“…¡A dos de tres caídas, sin límite de tiempooo!”—gritaba el anunciador “El Piloro”, desde el centro del cuadrilátero, marcando el inicio de lo que todos esperaban: una batalla campal. Era la lucha libre en su forma más cruda, una guerra sin reglas en la que todos los luchadores iban por la victoria, donde eran los sillazos, piquetes de ojo, quebradoras y patadas voladoras, parte del espectáculo. Dentro y fuera del ring, los gladiadores se lanzaban con todo, mientras la multitud enardecida gritaba con fervor, clamando por su luchador favorito, exigiendo la máxima prueba de brutalidad: “¡QUEREMOS VER SANGRE!”

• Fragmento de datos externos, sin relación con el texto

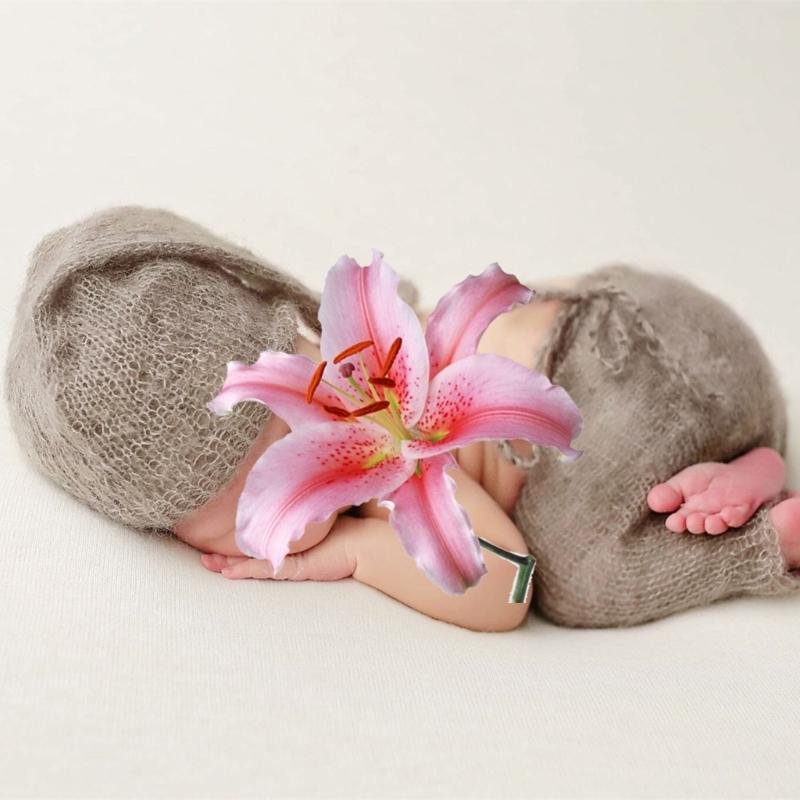 0-2 Monate Baby Foto Kleidung Strick Mohair Jumpsuit Mütze Neugeborenen Fotografie Kostüm Set Säugling Foto Outfit 2tlg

Aquellos combates eran sin duda parte del imaginario colectivo, un escape donde la violencia se convertía en espectáculo, y los héroes y villanos luchaban frente a miles de almas ansiosas por ver quién se impondría. Pero hoy, las batallas han tomado otro rostro. En lugar de la lucha libre, son las calles las que se han convertido en ring, donde los combates no son entre rudos y técnicos, sino entre “chapitos” y “mayos,” los dos cárteles que se disputan las plazas en un enfrentamiento tan real como mortal. La violencia, que alguna vez fue entretenimiento, ahora se desborda en una realidad mucho más oscura y peligrosa, con balaceras y caos reemplazando el rugido del público y las reglas del encordado.
Lo que antes era una batalla de máscaras y cabelleras mediante acrobacias, hoy es un enfrentamiento siniestro que deja tras de sí una estela de miedo y destrucción, una lucha campal sin referís de por medio, en la que todos quisiéramos que no hubiera víctimas espectadores.